(YOUR OBJECTIVE)
One exact copy of the listing is needed. It should contain no pictures.

(RECORDED DATA)

=-=-=-=-=

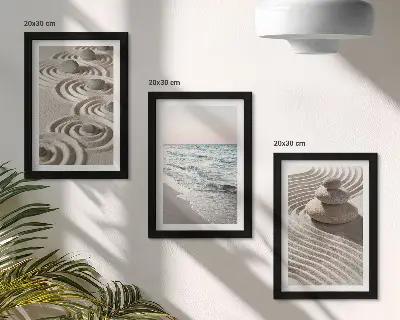Juego de 3 cuadros decorativos con diseño de olas tranquilas de arena y agua con piedras en la playa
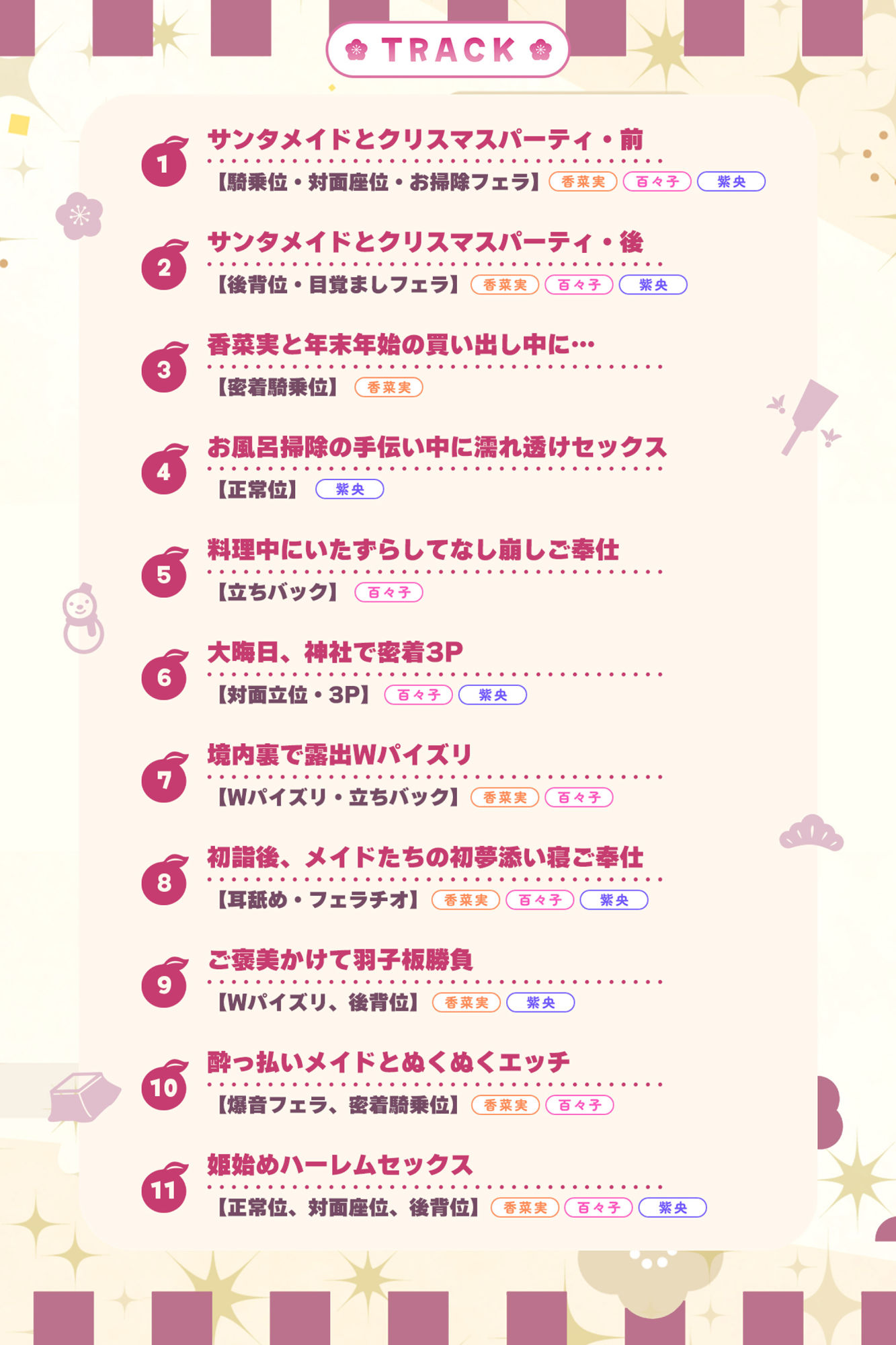 サンプル画像3:【特大収録！】性欲が強すぎる淫乱メイドのご奉仕ハーレム《年末年始（ホリディアラカルト）！！》 〜今年も来年も、いつまでも下品に喘がせて可愛がってくださいませ♪〜(スタジオりふれぼ) [d_316457]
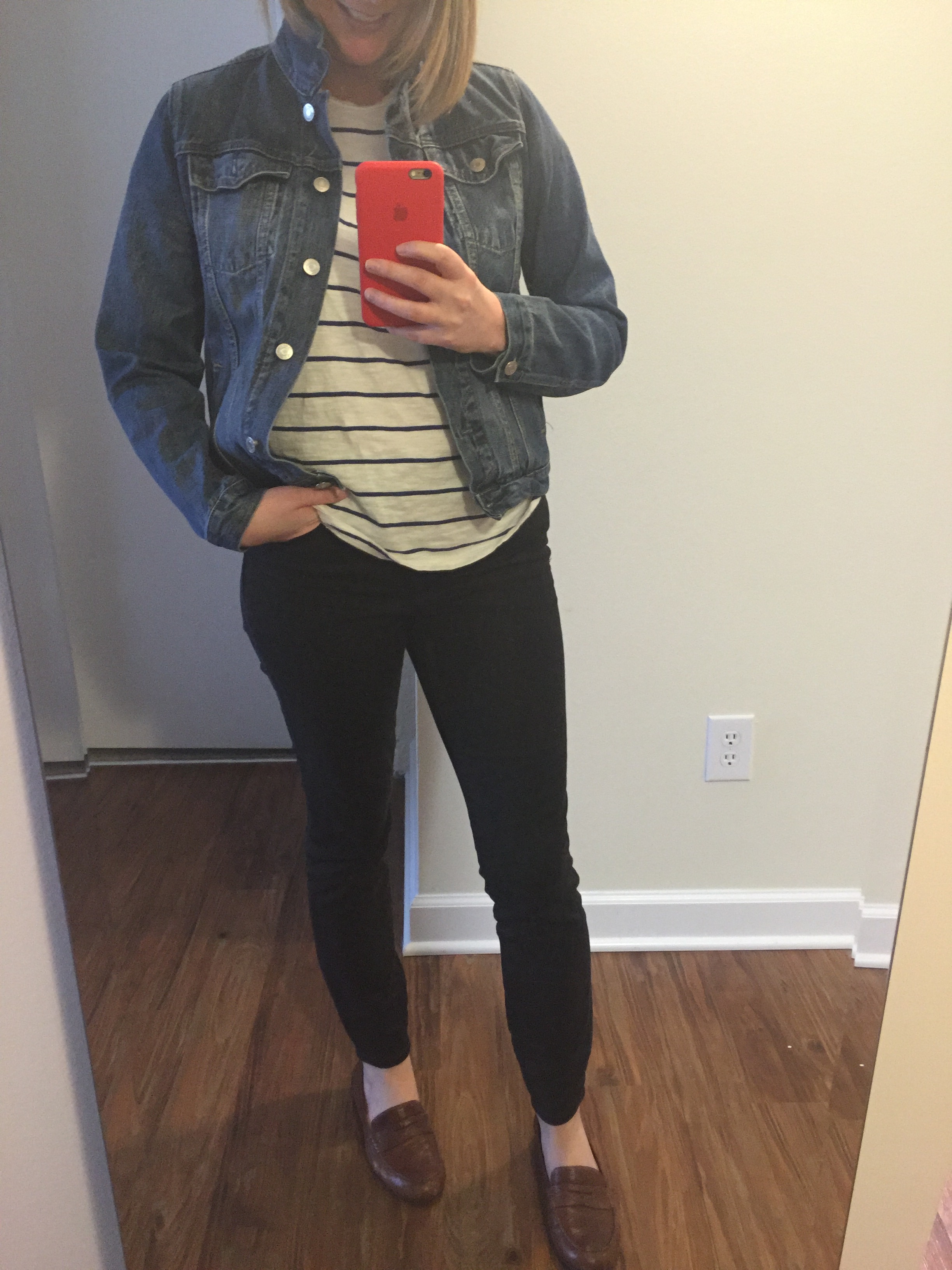 Jacket: Gap, 1969 denim jacket , Tee: Madewell, whisper cotton crewneck , Jeans: Madewell, high riser skinny skinny , Loafers: Born, Dinah Penny Loafer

=-=-=-=-=

(SOLUTION BELOW)
Juego de 3 cuadros decorativos con diseño de olas tranquilas de arena y agua con piedras en la playa
 サンプル画像3:【特大収録！】性欲が強すぎる淫乱メイドのご奉仕ハーレム《年末年始（ホリディアラカルト）！！》 〜今年も来年も、いつまでも下品に喘がせて可愛がってくださいませ♪〜(スタジオりふれぼ) [d_316457]
 Jacket: Gap, 1969 denim jacket , Tee: Madewell, whisper cotton crewneck , Jeans: Madewell, high riser skinny skinny , Loafers: Born, Dinah Penny Loafer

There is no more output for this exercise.